How Interactive Decision Support Can Help Brokers Sell More Voluntary Benefits

Chad Schneider Benefits Communication, Industry Insights

Not so long ago, selling voluntary benefits was pretty low on most brokers’ priority lists, slightly above “eating healthy on the road” but below “cleaning out the junk drawer.”

Today though, since High Deductible Health Plans (HDHPs) are on the rise, employees are more likely to opt in to voluntary benefits that help fill the gaps and provide a safety net. In fact, according to the 2017 AFLAC Workforces Report, 81% of employees see a growing need for voluntary insurance, while 72% of employees not offered voluntary insurance would be at least somewhat likely to purchase them if they were.

At the same time, employers are realizing that offering a fuller roster of benefits gives them a leg up not only on retaining their employees, but also with recruiting them. Brokers are also seeing a change: focusing more on selling these products not only makes their clients feel better-served, but it can also be pretty darn good for their bottom line.

Of course, each new benefit offered needs to be explained in a way that ensures employees both completely understand their options and feel equipped to make the decisions that are right for them.
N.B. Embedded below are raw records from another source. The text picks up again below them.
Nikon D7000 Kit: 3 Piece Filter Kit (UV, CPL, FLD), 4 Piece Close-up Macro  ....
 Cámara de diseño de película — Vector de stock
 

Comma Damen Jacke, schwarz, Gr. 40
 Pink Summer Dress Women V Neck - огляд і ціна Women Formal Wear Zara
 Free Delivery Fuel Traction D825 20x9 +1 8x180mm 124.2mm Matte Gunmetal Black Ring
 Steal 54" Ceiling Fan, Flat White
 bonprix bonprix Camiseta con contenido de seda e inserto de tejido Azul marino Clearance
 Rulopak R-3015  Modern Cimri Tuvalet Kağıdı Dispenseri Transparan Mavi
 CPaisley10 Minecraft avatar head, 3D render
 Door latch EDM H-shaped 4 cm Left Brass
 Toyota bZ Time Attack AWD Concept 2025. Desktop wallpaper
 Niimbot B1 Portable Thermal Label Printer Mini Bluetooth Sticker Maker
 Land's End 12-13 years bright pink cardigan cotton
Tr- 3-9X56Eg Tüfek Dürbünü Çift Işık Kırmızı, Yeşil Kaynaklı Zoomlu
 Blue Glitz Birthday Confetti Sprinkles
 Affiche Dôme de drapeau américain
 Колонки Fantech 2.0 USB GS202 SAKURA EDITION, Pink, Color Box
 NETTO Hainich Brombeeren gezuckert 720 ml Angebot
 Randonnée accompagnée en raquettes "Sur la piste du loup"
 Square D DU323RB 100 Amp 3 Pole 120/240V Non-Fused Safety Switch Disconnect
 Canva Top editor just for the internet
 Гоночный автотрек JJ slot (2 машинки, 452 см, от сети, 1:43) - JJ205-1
Some brokers deal with this communication challenge by hiring enrollment firms to do face-to-face consults with employees; others do the heavy lifting themselves, giving presentations and answering questions onsite.

The upside of this personalized approach? When a real, living person asks employees questions about their unique life situation, explains the value of an employer-sponsored plan versus other insurance, and offers tailored recommendations, employees are more likely to stay engaged with the information. The downsides, of course, are that these firms don’t come cheap and sometimes these consultants fall prey to overselling. Also, meeting one-on-one with employees yourself, or running lots of small meetings, takes up a lot of precious time that could be better spent on higher-priority strategizing.

However! There’s actually a third approach available that not enough brokers have considered: offering clients interactive benefits decision support tools. This option delivers the personal touch of a conversation with an expert, but doesn’t require feet on the ground.

Interactive benefits decision support tools simulate a natural back-and-forth conversation with a friendly benefits expert and are available to employees 24/7. Not only that, but some of this software—like ALEX, for example—uses behavioral science techniques to nudge employees out of their pre-conceived notions of voluntary benefits, show value, and drive behavior change. Also, unlike the guidance an enrollment consultant might give an employee face-to-face, ALEX’s guidance is consistent and never veers into overselling.

This software doesn’t just talk about voluntary benefits, of course: it also helps employees pick their health plans and retirement options. And that makes it possible for some brokers to either size down their benefits meetings to just a few short Q&As, or enables them to stop doing them altogether. Especially come Q4, that sounds like a darn good option.

In short, your client’s employees aren’t going to buy new insurance unless it’s super clear what they stand to lose or gain by doing so. So if selling voluntary benefits is a top priority of yours of this year, upgrading your clients’ benefits communication technology should be, too.